1:45 PM Addendum: Jay Hovdey posts re: Sunday’s lickety-splits: “Meanwhile, up in his booth at the top of the stretch, track superintendent Rich Tedesco was banging his head against the desktop, knowing full well that too fast is just plain too fast when it comes to protecting the frail infrastructure of the Thoroughbred racehorse from his own natural instincts to flee. He also knows that horses like Spectacular Bid don’t come along every 30 years.”

About that Record

Not to take anything away from Presious Passion, who was a most visually impressive repeat winner of the United Nations Handicap at Monmouth on Saturday, but I suspect it’s wrong to chalk up his final time of 2:10.97 as a new course record. Let’s go to the fractions …

In 2008, Presious Passion sprang an upset in the United Nations going wire to wire. On that day, he went :24.44, :49.16, 1:14.31, 1:38.76, and 2:02, finishing in 2:13.88, yielding splits of :24.72, :25.25, :24.45, :23.24, and :11.8.

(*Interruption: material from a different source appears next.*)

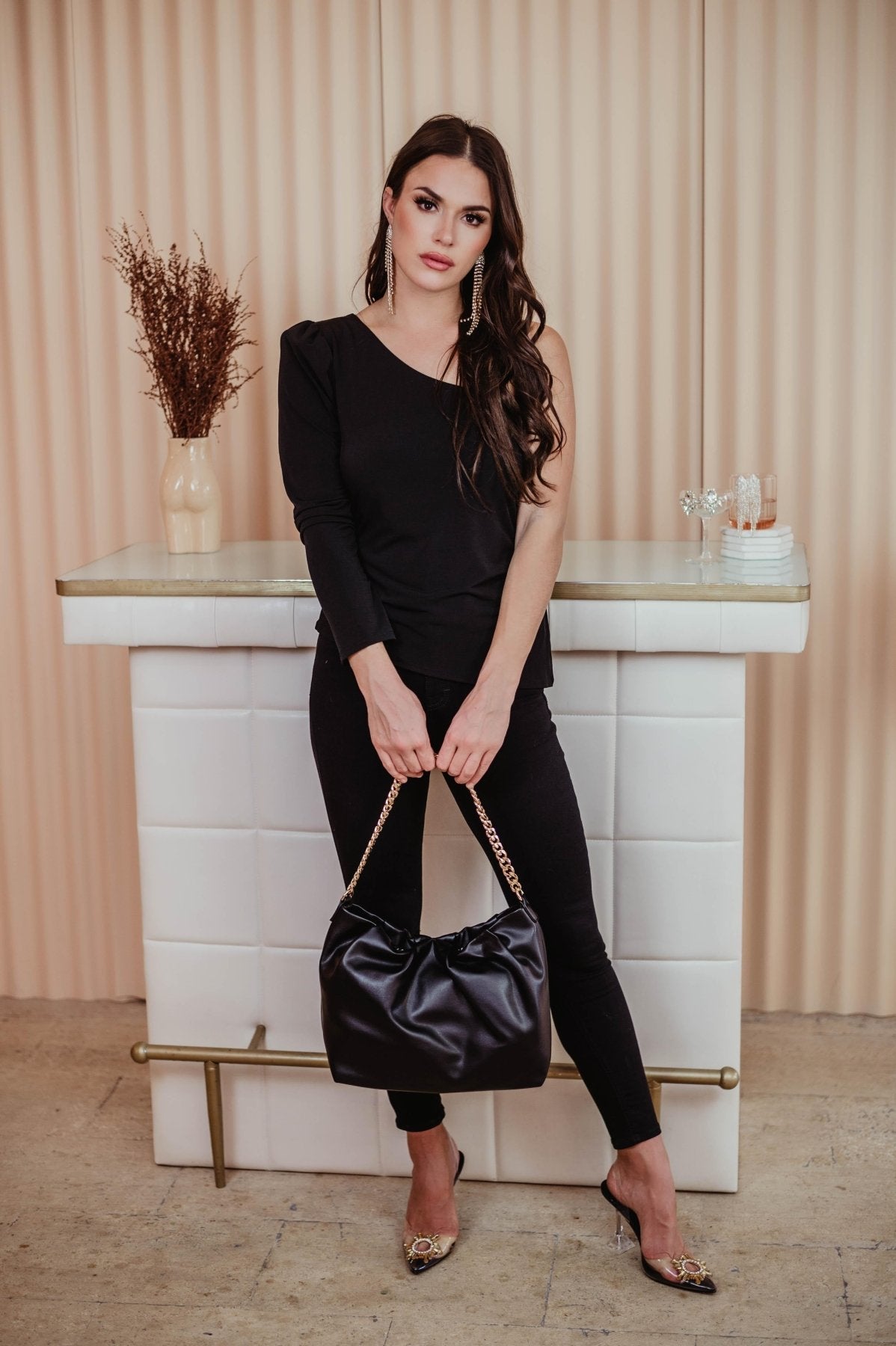 Mid-Rise Black Skinny Jeans - FINAL SALE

On Saturday, Presious Passion again went wire to wire (opening up lengths early), going — according to official time — :19.80, :45.20, 1:09.81, 1:34.67, and 1:59.07, finishing in 2:10.97, a time that, if it stands, knocks nearly two seconds off the course record set by Balto Star in 2003. Those fractions yield splits of :25.4, :24.61, :24.86, :24.4, and :11.9. Presious Passion ran almost the same race as he did in 2008, but for that freaky fast first quarter.

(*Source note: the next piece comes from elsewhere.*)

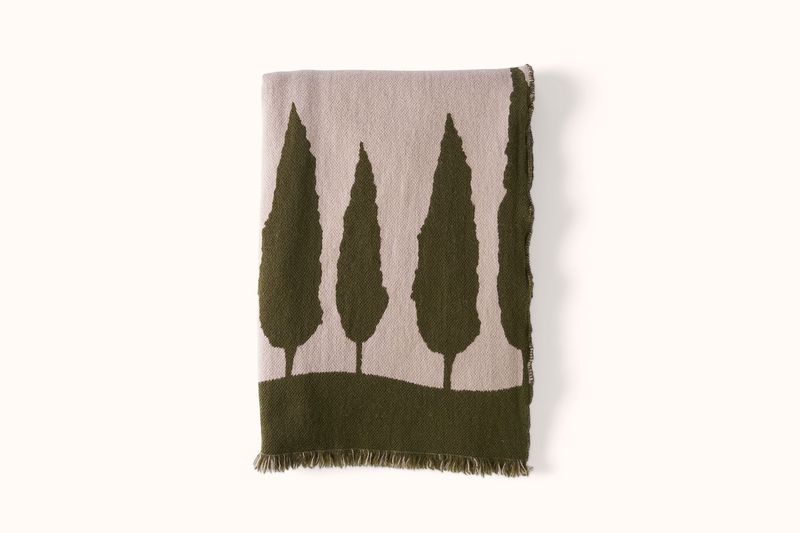 ARCOLAIO TOSCANA FRINGE THROW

Could there have been a timer error?

Curious, I timed the first quarter of the United Nations repeatedly this morning (using this video and a stopwatch), coming up with :22.8, :22.6, :22.5, and :22.6. Still fast, but not record-defying, and more in line with both earlier turf races on the card and Presious Passion’s splits for the rest of the race. Assuming :22.6 or so is correct and that the following fractions are similarly off, that means Presious Passion finished the United Nations in a time more like 2:13.7 — respectable, but no record.

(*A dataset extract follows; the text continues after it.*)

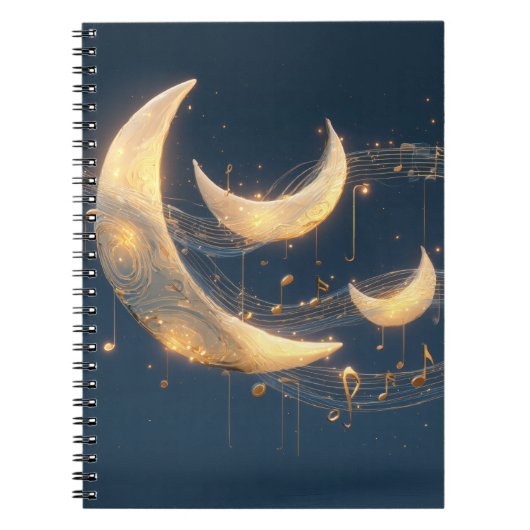 Celestial Moonlight Melody Notitieboek (Voorkant)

Addendum: Wondering about records on the turf, I looked up the current North American record holder for 1 3/8 miles, With Approval, who set not only a stakes record, but a world record, of 2:10.26 for the distance in the Bowling Green Handicap at Belmont Park on June 17, 1990. While impressive, the New York Times did report, “[the time] deserves a footnote: Belmont’s are the only turf courses in the country where 11-furlong races are run around two, rather than three, turns. Cougar’s record of 2:11 in the 1972 Century Handicap at Hollywood was around three turns.”

Following up on a couple tweets: o_crunk points out a new turf course was installed in 2006. Since, several records have fallen, the clocks may be suspect, and credit must be given to English Channel, who set the 11-furlong turf record in the new era after running the 2007 United Nations in 2:12.89. Also of interest: Over on PaceAdvantage, a poster says the run-up is 64 feet. That’s all helpful info, especially regarding where the timer starts.

Mystery solved? And the record holds: Steve Crist posts tonight that Presious Passion’s first quarter was :22.20 and lists the rest of the fractions unchanged. So, he was flying early and late. Monmouth expert o_crunk wasn’t kidding about the turf course being speed favoring.

One last thing: BSF for the United Nations, 106 (Form Blog).